Seeking interest and a champion for bifroest - a backend for graphite-web, on Apache Cassandra

2014-10-07 Thread Harald Kraemer
Hi,

we have been allowed to open-source one of our company internal projects -
currently called Bifroest.  Bifroest is a storage backend for graphite-web,
based on Apache Cassandra. I'm quite happy about this, and now I'm in the
process of finding the best options and means to do so. This mail isn't an
entire proposal yet, but I will try to stick at least to the major points
in a proposal.

What does Bifroest do, and where does it come from.
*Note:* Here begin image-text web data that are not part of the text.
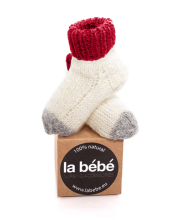 La Bebe™ Natural Eco Lambswool Baby Socks Art.81019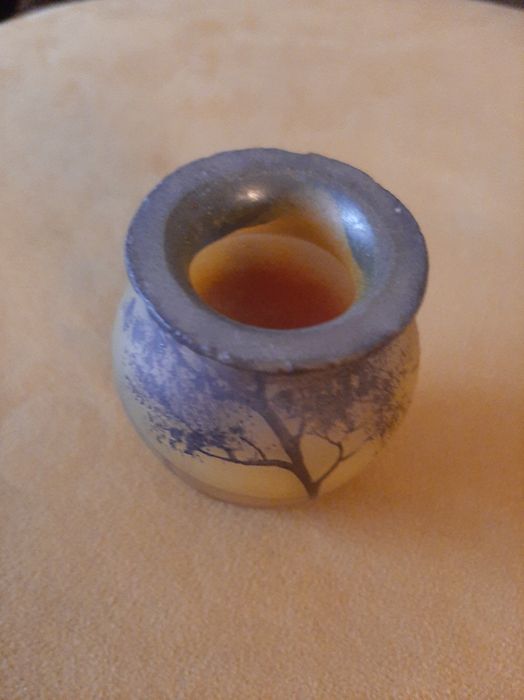 Vaso Marmorizado Assinado Peynaud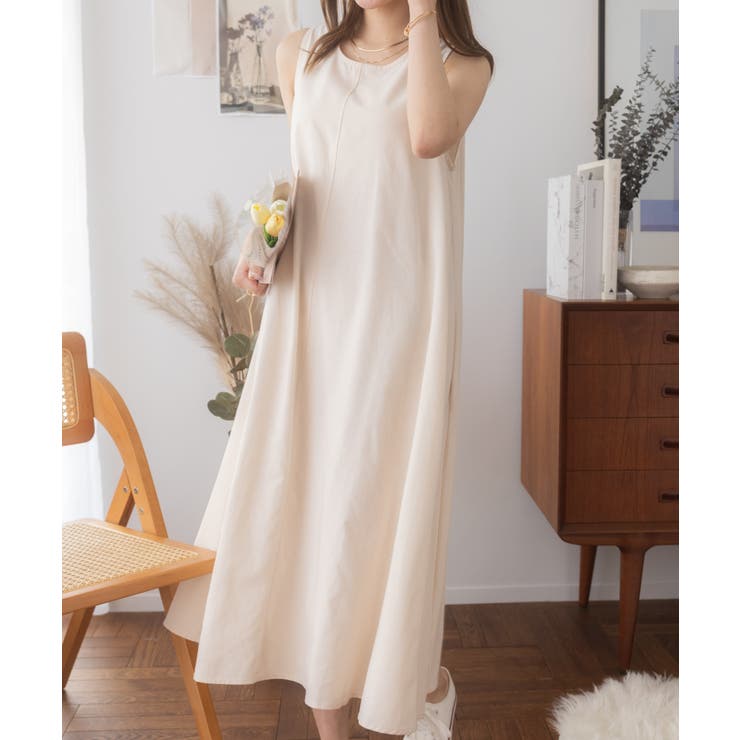 ノースリーブＡラインワンピース 春夏 SS | Ada. | 詳細画像54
At GoodgameStudios, we used Munin for most of our monitoring, using a lot
of custom plugins for our servers and pushing 500 - 700 hosts around.
That's ambitious with munin and by now, the munin-master is not able to
take the stress anymore.
As such, we started to evaluate graphite, since graphite is the state of
the art larger scale monitoring solution. To start evaluating graphite, we
deployed graphite with a carbon backend on a virtual machine. Our senior
monitoring admin (which we didn't have back then) probably just had to
giggle a bit and doesn't know why - things didn't perform that well on a
virtual machine. It could handle the important data, but the system didn't
seem to scale that well.
An admin would have tossed hardware at this, SSD-Raids and all that,
naturally. But we are  software engineers, not admins, thus we tossed
software at it (until we required hardware) :)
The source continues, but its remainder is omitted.